Beneath this instruction is a listing. Transcribe from it only the stretch from the line with "Blueberry Extract" through the line with "La digitalizaci&oacute;n del", both end lines included, exactly as written.

++++++++

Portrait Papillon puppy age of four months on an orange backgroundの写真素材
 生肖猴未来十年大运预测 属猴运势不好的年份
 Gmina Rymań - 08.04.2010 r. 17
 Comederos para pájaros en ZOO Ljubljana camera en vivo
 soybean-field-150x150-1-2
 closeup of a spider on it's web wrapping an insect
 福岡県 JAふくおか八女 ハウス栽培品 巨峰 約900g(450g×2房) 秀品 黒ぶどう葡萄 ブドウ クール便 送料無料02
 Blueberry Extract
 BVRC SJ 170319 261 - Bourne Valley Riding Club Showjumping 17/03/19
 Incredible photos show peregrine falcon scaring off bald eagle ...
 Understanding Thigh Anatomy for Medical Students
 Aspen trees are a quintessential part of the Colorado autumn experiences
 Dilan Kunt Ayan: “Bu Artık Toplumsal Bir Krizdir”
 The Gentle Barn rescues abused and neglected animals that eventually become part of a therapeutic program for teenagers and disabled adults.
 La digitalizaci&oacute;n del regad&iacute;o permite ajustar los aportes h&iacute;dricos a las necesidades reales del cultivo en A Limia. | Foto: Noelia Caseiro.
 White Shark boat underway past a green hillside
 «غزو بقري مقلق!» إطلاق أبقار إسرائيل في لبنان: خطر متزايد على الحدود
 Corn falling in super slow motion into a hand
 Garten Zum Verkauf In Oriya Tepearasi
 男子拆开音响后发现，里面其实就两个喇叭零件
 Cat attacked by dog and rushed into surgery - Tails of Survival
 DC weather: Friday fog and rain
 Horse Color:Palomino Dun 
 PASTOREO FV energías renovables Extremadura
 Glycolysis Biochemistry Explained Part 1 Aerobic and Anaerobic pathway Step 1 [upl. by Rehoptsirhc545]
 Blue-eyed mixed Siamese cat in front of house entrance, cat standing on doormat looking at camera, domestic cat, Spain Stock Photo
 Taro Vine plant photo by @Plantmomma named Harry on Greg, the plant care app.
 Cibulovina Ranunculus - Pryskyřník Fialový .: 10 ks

++++++++

TASK RESPONSE =
 Blueberry Extract
 BVRC SJ 170319 261 - Bourne Valley Riding Club Showjumping 17/03/19
 Incredible photos show peregrine falcon scaring off bald eagle ...
 Understanding Thigh Anatomy for Medical Students
 Aspen trees are a quintessential part of the Colorado autumn experiences
 Dilan Kunt Ayan: “Bu Artık Toplumsal Bir Krizdir”
 The Gentle Barn rescues abused and neglected animals that eventually become part of a therapeutic program for teenagers and disabled adults.
 La digitalizaci&oacute;n del regad&iacute;o permite ajustar los aportes h&iacute;dricos a las necesidades reales del cultivo en A Limia. | Foto: Noelia Caseiro.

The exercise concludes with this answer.